In FX, its been a very mixed performance by G10 currencies. JPY has been the standout loser on the rally in US stocks and, earlier at least, higher US bond yields across the curve. USD/JPY has given back some of its gains coming into the NY close alongside slippage in 10-year Treasuries but is still 0.5% up on the day at Y133.90.  CHF also lost ground on the risk-positive vibe, while NOK, AUD, SEK and CAD have all benefited, AUD/USD up 0.4% to around 0.6950 having spent much of yesterday’s session sub-0.69. NOK was the strongest G10 currency Wednesday, curious given oil is off 4% on higher EIA inventory data (OPEC agreed to a 100,000 barrels a day output increase but this was less than some had hoped). It has though started the APAC day losing ground.

Coming Up

  • The Bank of England policy decision is the main set-piece event today, where the latest Bloomberg survey sees 30 of 43 analysts expecting a 50ps rise in Base Rate and the other 13 –looking for only 25bps, as is NAB but in what we describe as a ‘line ball call’. The argument against 50bps is that the conditionality for a more aggressive pace/magnitude of hikes, whether it be evidence of accelerating wages/earnings growth and /or rising inafltion expectations, have not been met. Recall too that in the last forecast update in May, inflation was forecast to be below target at the end of the forecast period if Bank Rate followed the market-implied path. That said we know 50bps is on the table tonight, since Governor Bailey said so in his Manion House speech last month.
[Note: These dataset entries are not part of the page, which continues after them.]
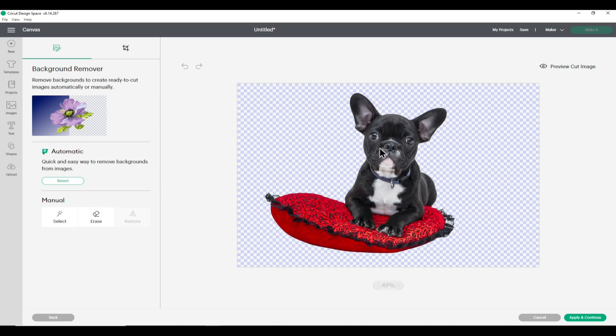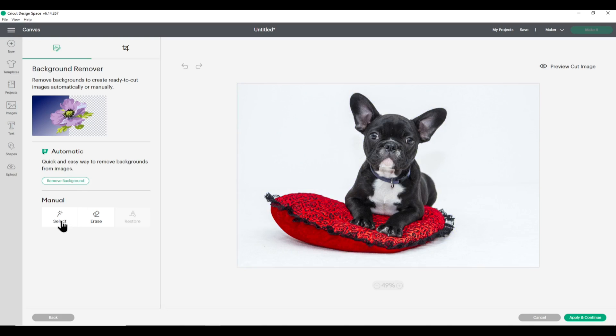This is probably going to be best for print and cut images, so let's click Hide Cut Image to see the picture again. Originally it would have just cut around the rectangle, but now it will cut out the French bulldog and the pillow — really nice for a greetings card, sticker, or fridge magnet. On the left you have options to undo with Revert, plus the Magic Wand and Eraser tools which have always been present.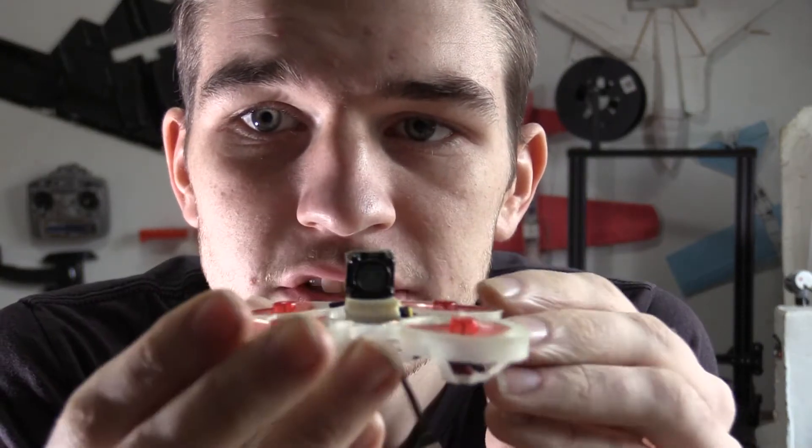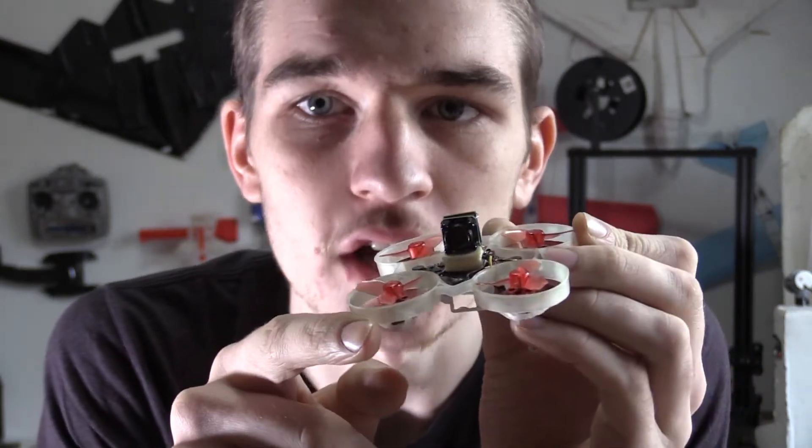Okay guys, so I changed it a bit so that you can see the camera exposed. Hopefully it'll do better at being able to see. So we'll go give it a shot.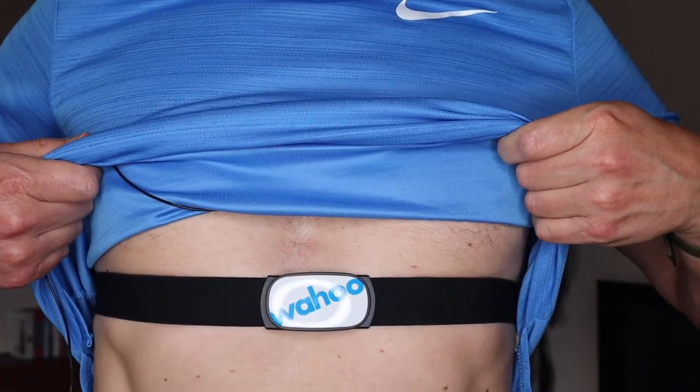I'm doing a three-month review on the Wahoo Ticker Fit heart rate monitor and the Wahoo Ticker traditional chest heart rate monitor. I've had these for three months. There were a lot of reviews on Amazon saying at first they're great, and then later on saying it stopped working or having problems connecting to devices.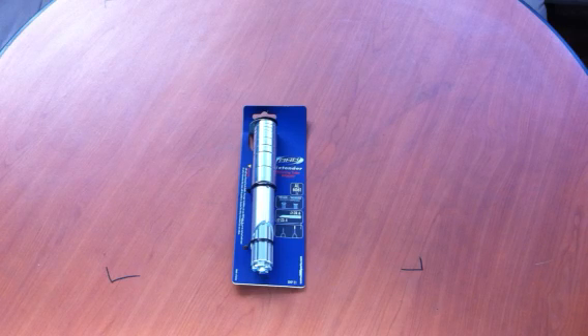BVB Sports BHP21 fork tube extender. Sizer measurement.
  • Locally, we have the latest (June) trade figures which following the new record surplus in May of $15.96bn. is expected to fall back to $14bn on the market consensus estimate but NAB has a top-of-the-market-range forecast of $18bn. This is on forecast continued flow-through on recent record strong coal prices into export values the back of expected continued flow (plus to support from LNG prices, while iron ore export values likely fell).
  • Offshore date includes German factory orders (seen -0.9% on the month for -9.1% y/y down from -3.1%) weekly US jobless claims and July Challenger job layoffs.